Open Source

Hello, Open Source!

by Bernd Ustorf • Oct 14, 2016

At a recent JarFest (our biannual, company-wide team meetup) we resolved to increase our investment in open source software. We’re already totally dependent on Rails, Postgres and other open source projects. We provide open source clients to our API in various languages. But we wanted to do more. I was intrigued by the idea of dogfooding - using our own product internally.

One of the first scaling steps required here at TaxJar was summary tables. We have customers with millions of receipts within one tax period. When the first of these customers hit their reports, they timed out. Even with good indices we just couldn’t query fast enough for Heroku’s timeout.

Summarizing receipt totals into a table solved this problem. But it created a more insidious one. Several times we’ve had to walk new pieces of data up to the summary table. (Predicting the future is hard.)

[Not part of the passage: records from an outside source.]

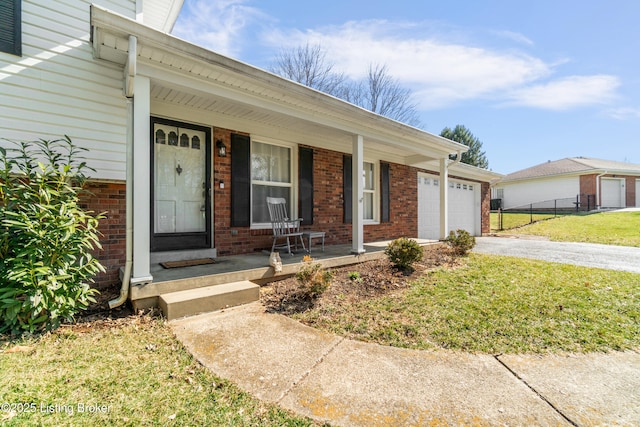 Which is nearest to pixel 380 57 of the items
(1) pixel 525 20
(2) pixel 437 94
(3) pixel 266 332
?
(2) pixel 437 94

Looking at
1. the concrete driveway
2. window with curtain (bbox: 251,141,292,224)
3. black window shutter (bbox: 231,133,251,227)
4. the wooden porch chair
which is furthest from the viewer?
the concrete driveway

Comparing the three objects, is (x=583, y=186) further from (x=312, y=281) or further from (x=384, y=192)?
(x=312, y=281)

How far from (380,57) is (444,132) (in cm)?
1362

Then we had a realization that seemed obvious in hindsight. We needed to query receipts asynchronously, but we didn’t need to store results in a relational table. We could build a hash of totals for the period, cache it and drive reports off of that. When we needed more low level data, we could just start including it in the hash.

Rails.cache.fetch is a common, easy way to cache. Just pass an expensive method as a block to Rails.cache.fetch and it’ll execute the first time. Results come from the cache after that. We use it several places in the app already, but just as an optimization - if there’s a cache miss in these cases, it’s no big deal.

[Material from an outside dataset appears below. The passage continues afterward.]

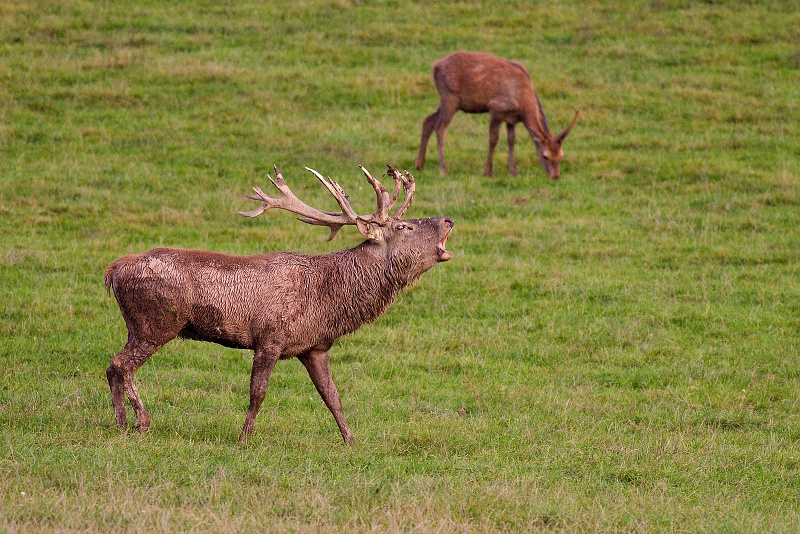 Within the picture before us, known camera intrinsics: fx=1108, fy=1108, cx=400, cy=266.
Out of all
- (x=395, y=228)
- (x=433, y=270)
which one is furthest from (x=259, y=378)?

We want pretty much the same functionality here, except we need to be sure that there won’t be any cache misses because that would result in a timeout. The persisted_cache gem addresses this situation by overriding the internals of ActiveSupport::Cache::Store to check for a value in the DB.

We store this value by passing an option of persisted_cache: 'write' to Rails.cache.fetch when we prime the cache at night. When Rails.cache.fetch is called from the report controller, we pass persisted_cache: 'require'. On the first request, or if the cache has been cleared for whatever reason, the cache will prime itself from the DB rather than executing the underlying block. (Because we passed require and not read an error gets thrown if the hash is not in the DB. We rescue this and show a message that says the report is building).

This was all easy enough. Then the wrinkles started happening. Our CTO wanted it in a different database. Hm. Okay. Didn’t want to address database connections in this gem AT ALL. Least intrusive way I could find was to specify an alternate base class for the model used to persist the key value pairs in an initializer. I had already created a template and a Rails install generator to handle creating the migration, just added another one that created an initializer that could be edited in the case of a second database.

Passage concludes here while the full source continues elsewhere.